Stocks subsequently discovered their fighting spirit… and clawed their way up the wall of worry.

The Dow Jones Industrial Average closed trading 202 points above zero.

The S&P 500 and Nasdaq Composite posted losses — yet tolerable losses.

Gold, meantime, advanced $28 yesterday, to $4,161.

At the same time, the 10-year Treasury yield retreated to 4.022%.

Year-to-date, yields have decreased some 12%.

Mixed Signals

Bond yields and bond prices exist in a state of antagonistic polarity.

If bond prices increase, bond yields decrease. If bond prices decrease, bond yields increase.

Imagine a seesaw in swinging dynamism — now you understand the bond price/bond yield relation.

Thus the declining 10-year yield corresponds to a price increase.

The rising price means investors are flocking into Treasurys. They are not fleeing Treasurys.

Since Treasurys are dollar-denominated assets, we can only conclude that investors are not fleeing the dollar as such

Yet gold trades at record levels.

Is not a record gold price a repudiation of the dollar?

In general — in general — I incline towards the theory that it is a repudiation of the dollar.

In yesterday’s article I advanced that theory.

Interesting… 

Yet here the crackerjacks of Fisher Investments point to a skunk in my theoretical woodpile:

  • Supposedly, gold reaching new highs signals investors and central banks’ preferring the shiny metal over the US dollar and Treasurys as a safe haven…
  • Yet … there just isn’t strong evidence people are abandoning the dollar and dollar-based assets the way many claim. Historically speaking, the dollar isn’t that weak. Nor are US Treasury yields sky high, which many associate with rising risk…
  • Treasury yields… are down year to date and well below levels seen in the 1970s and 1980s. This doesn’t scream “major exodus” to us.

I must concede the point. The facts do not scream “major exodus.”

The gold price nonetheless wings along at record heights.

I do not believe that political risk, geopolitical risk, trade risk, or other traditional lifters of the gold price account for it.

A Head-Scratcher

All the while, both gold and the stock market are soaring in tandem… as if on eagles’ wings.

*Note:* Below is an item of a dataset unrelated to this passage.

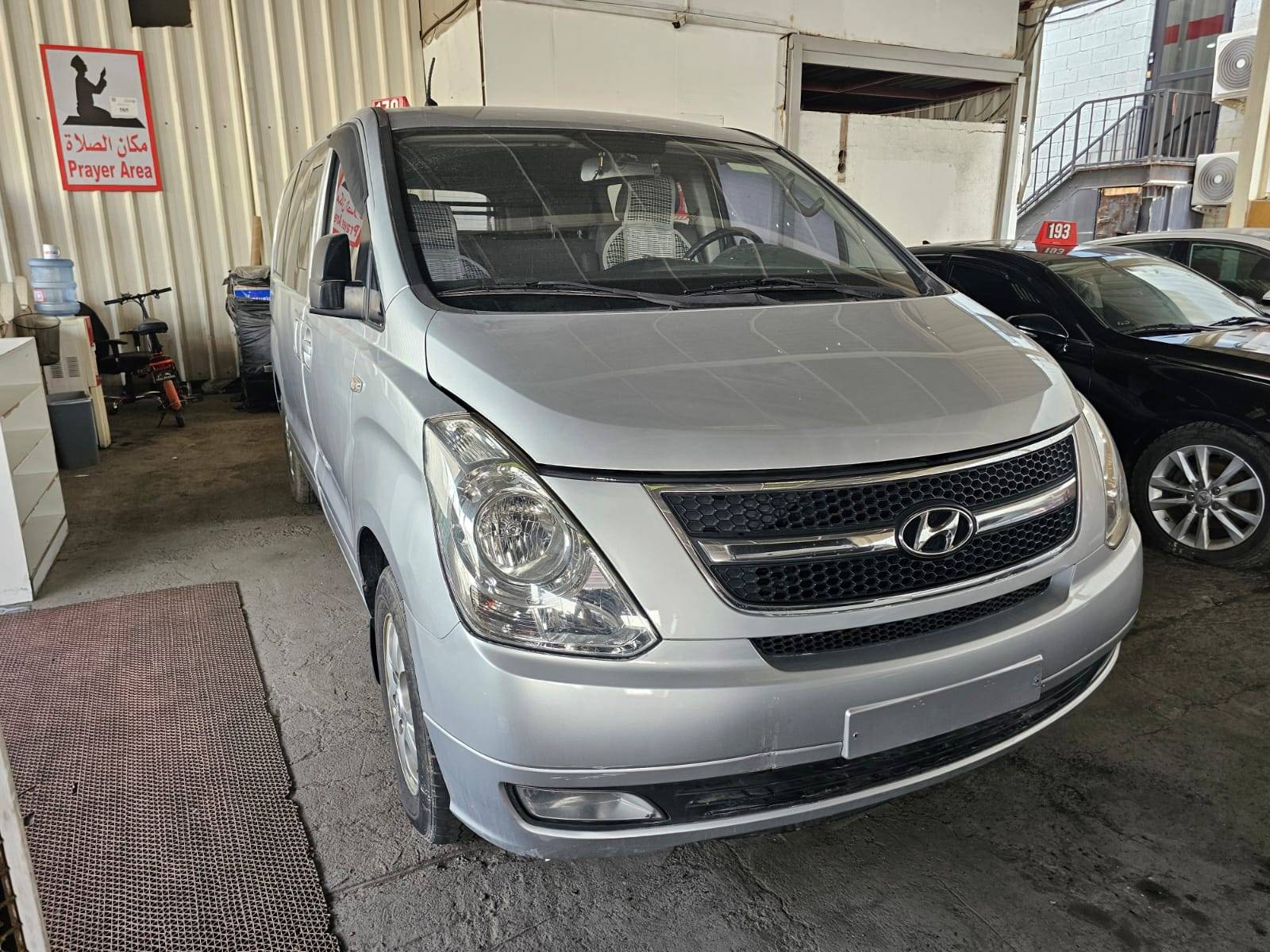 2010 HYUNDAI GRAND STAREX — 295715 KM — Lot AU200520 — Main - Marhaba Auctions Used Cars - Image 4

What should we deduce from it?

Puzzlement, perhaps. Here is Barron’s:

  • The tight correlation between the gold market and stock market leadership is unusual. Bank of America points out that in the third quarter, small-caps and the tech and communications services sectors were the best stock market performers. Those sectors outperformed along with gold, the best performing asset class, up 16.4% in that quarter.
  • Those particular sectors have not really had much correlation with gold at all, going back to 1989, BofA said.

Here Mr. Christopher Louney, commodities strategist at RBC Capital Markets, hazards an explanation:

  • Investors, on the one hand, are afraid of missing out and they are investing in the risk-on [stock] market. And at the same time they recognize the uncertainty and they are making investments in gold.

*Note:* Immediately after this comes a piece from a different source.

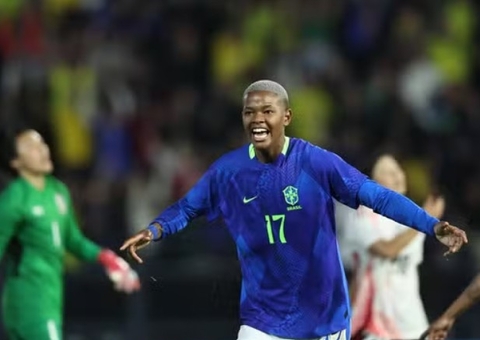 Brasil aproveita gol contra e busca virada em amistoso contra o Japão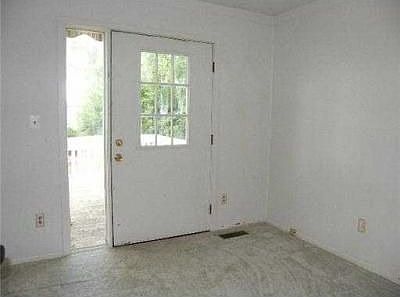 1st image of 409 Shotka St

Perhaps there is justice here. What we are witnessing may simply be a hedging of wagers.

Is It Just the “Everything Bubble?”

Now let us mix bonds into the figure.

Recall, bond prices are also rising. Thus we find stocks, bonds and gold going on on positive trajectories.

What does this curious condition bode for the stock market? CNBC:

  • Put simply, [investors] believe when safe-haven gold and bonds are going higher, things are not right with the world, and stocks should go lower.
  • But history shows this phenomenon of the three trading in unison ends up being bullish for stocks, proving equity investors correct who bought while the two other assets were supposedly flagging trouble ahead.

Just so. Yet history is not an infallible instructor.

The Short Run… and the Long Run

Regarding the gold price:

Goldman Sachs estimates that gold could leap to $5,000 should merely 1% of the privately owned Treasury market flee into gold.

Will gold outshine stocks and bonds in the days to come?

In the short term, I do not know.

In the long term — however — I believe I do know.

One of these assets has withstood thousands of years of earthly history.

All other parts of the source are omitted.